Print and online ads for Merrick Purrfect Bistro — along with the brand’s presence in social media like blogs, Facebook, Klout and Twitter — will be fronted by an American Shorthair cat named W. (Mittens) Bloomfield, a feline food critic who is as finicky and opinionated as any human counterpart. The centerpiece of the campaign is a Web site, styled like a food blog, where the critical cat will hold forth on favorite meals — all of them, not surprisingly, featuring Purrfect Bistro products.
The campaign is being created by Carmichael Lynch Spong in Minneapolis, part of the Carmichael Lynch division of the Interpublic Group of Companies. Carmichael Lynch and Carmichael Lynch Spong began working for Merrick in April 2012.
The campaign has a budget estimated at $100,000, which would be considerably more than what Merrick Pet Care has spent of late on advertising. According to the Kantar Media division of WPP, Merrick spent $6,000 last year to advertise in major media, $2,000 in 2011 and $7,000 in 2010.
The campaign arrives as competition is intensifying in the higher-priced segment of the pet food market, particularly involving brands that are billed as organic or natural. Products are arriving from pet food giants like Mars, Purina and Procter Gamble as well as family-owned and entrepreneurial firms like Ainsworth Pet Nutrition, Blue Buffalo and Merrick Pet Care.
For instance, the September issue of Good Housekeeping magazine, as mainstream a media outlet as there is, carries ads for nontraditional pet food brands like Blue, Iams So Good, Nutro Natural Choice and Rachael Ray Nutrish Zero Grain.
“Purrfect Bistro is a continuation of the ‘Merrick real food revolution’ we began last fall,” says Pete Brace, vice president for communications and pet parent relations at Merrick Pet Care in Amarillo, Tex., referring to a campaign that started with the company’s dog food products.
Merrick is “known for premium natural dog food and our pet treats business,” Mr. Brace says, “and with the launch of Purrfect Bistro, now it’s time to focus on the felines.”

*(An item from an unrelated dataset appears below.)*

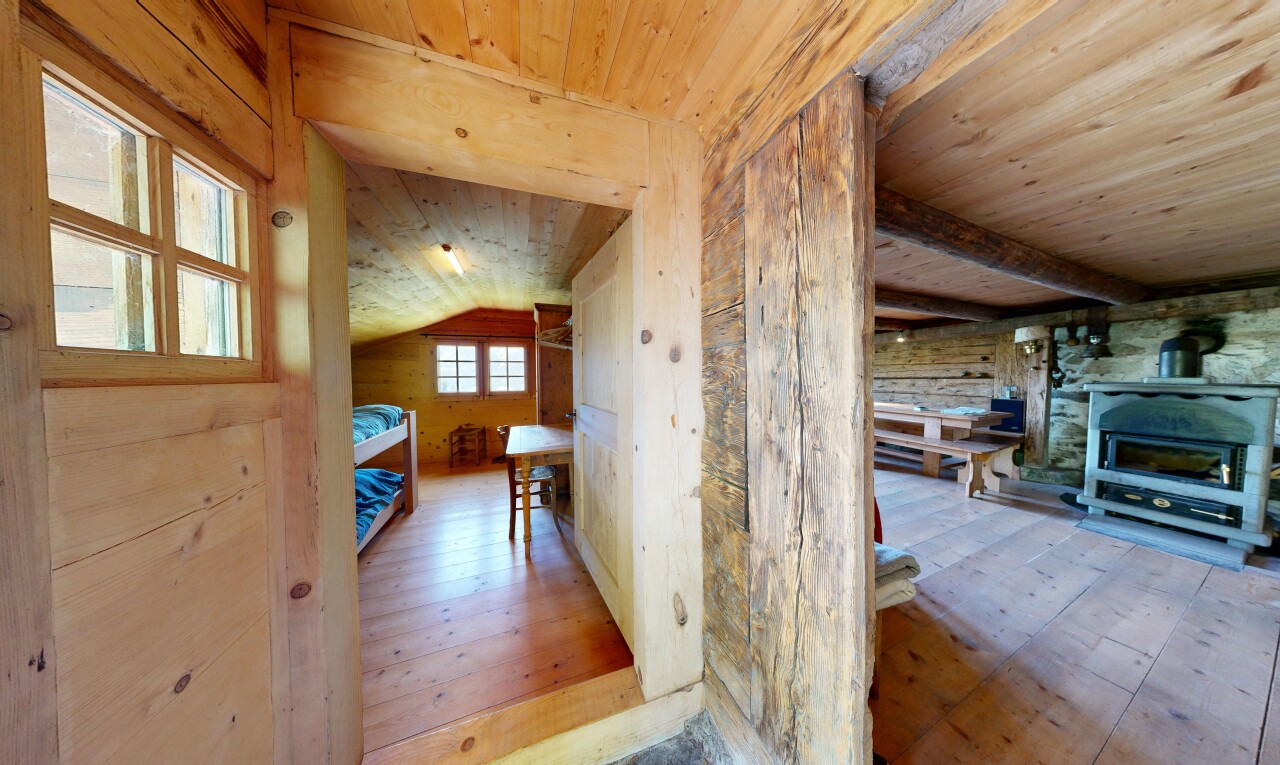 couloir avec plafond en bois, wood ceiling, sol en finition bois, wood finish floor, et plafond voûté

By making the Purrfect Bistro cat character a foodie, the campaign should “appeal to that passionate pet parent” who is more than likely a foodie when it comes to what he or she eats, Mr. Brace says.

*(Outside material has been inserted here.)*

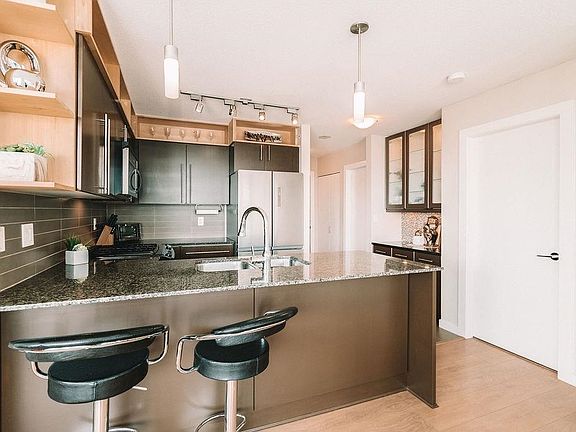 4th image of 4888 Brentwood Dr #1603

(Yes, you read correctly, the phrase is “pet parent,” not “pet owner.” It is turning up more often in pet food advertising, particularly from companies that charger higher prices for their products.)
The idea is that the new brand “offers the variety, taste, texture, protein and quality they’re seeking” in cat food, he adds.
W. (Mittens) Bloomfield evokes a number of pet food brand mascots, especially Morris, the finicky cat that represents the 9 Lives brand of cat food sold by Del Monte Foods.
Mr. Brace demurs. “We really don’t see it that way,” he says, because the character “is not really a spokescat, if you will.”
Rather, the cat critic is “the foil or the muse, to educate and entertain,” he adds, and displays “that discerning, endearing personality much like one’s own cat.”
As the campaign unfolds, the character will be “opining on a number of topics,” Mr. Brace says, expressing “his discriminating self.”
The initial post on thecatcritic.com is devoted to a review of the Purrfect Bistro canned tuna pate variety, which W. (Mittens) Bloomfield raves about in a roundabout way: He writes about a trip to Paris where he dined at a “familiar bistro” on a “remarkable” tuna paté — “in other words, a note-for-note recreation” of the Purrfect Bistro version.
“My take: Trip to Paris, roughly $1,350,” the post concludes. “Can of Merrick’s Purrfect Bistro Tuna Pate 5.5 ounces, only $1.69 at Petco and other independent pet specialty stores. You do the math.”
In an ad scheduled to appear in the Dining section of The New York Times on Wednesday, the cat critic is heralded this way: “He’s tough. Insightful. And not afraid to get his claws out.”
The ad also offers a review by the feline foodie of the entire Purrfect Bistro line, to which he gives a “rare” rating of five paws (out of five). “I savored the experience as one might a firm scratching behind the ears or a midnight stroll after finding the pet door open,” he writes.
The ad is liberally peppered with puns and cat jokes, among them how the character can count his memorable dinners “on one paw,” how it is difficult to keep his train of thought because “admittedly, I’m easily distracted” and how his Purrfect Bistro meal was marred “by two minor missteps to the evening, both self-inflicted: no scratching poles nearby and no warm shaft of sunlight in order to take the perfunctory after-dinner nap.”